== Provided data ==
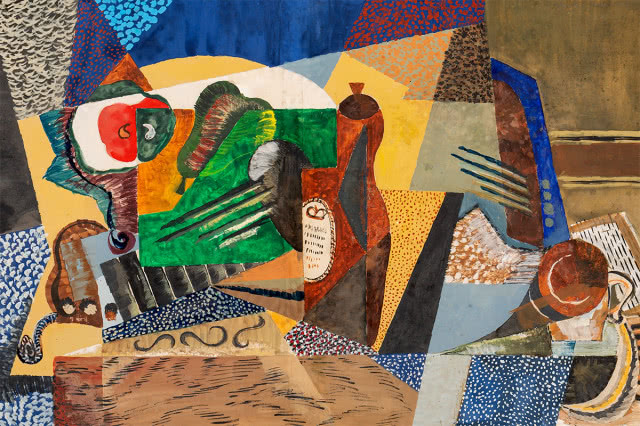 Louis Marcoussis, Gitara, 1920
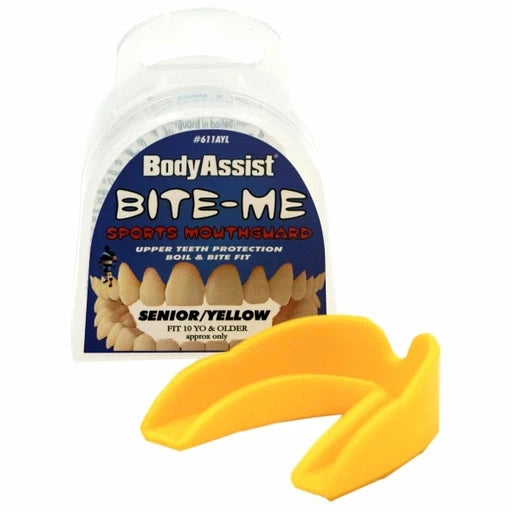 Body Assist Bite-Me ADULT Mouthguard Yellow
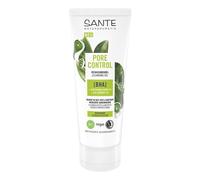 SANTE Naturkosmetik Pore Control Gel nettoyant - 100 ml - Avec effet BHA et niacinamide - Nettoyage en profondeur des pores avec du thé vert bio - Matifiant et hydratant - Végétalien et testé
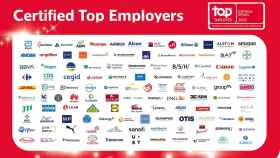 Logos de las empresas top employers.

== What to work on ==
Every line of the data is to be transcribed exactly, and no picture is to be included.

== Task output ==
 Louis Marcoussis, Gitara, 1920
 Body Assist Bite-Me ADULT Mouthguard Yellow
 SANTE Naturkosmetik Pore Control Gel nettoyant - 100 ml - Avec effet BHA et niacinamide - Nettoyage en profondeur des pores avec du thé vert bio - Matifiant et hydratant - Végétalien et testé
 Logos de las empresas top employers.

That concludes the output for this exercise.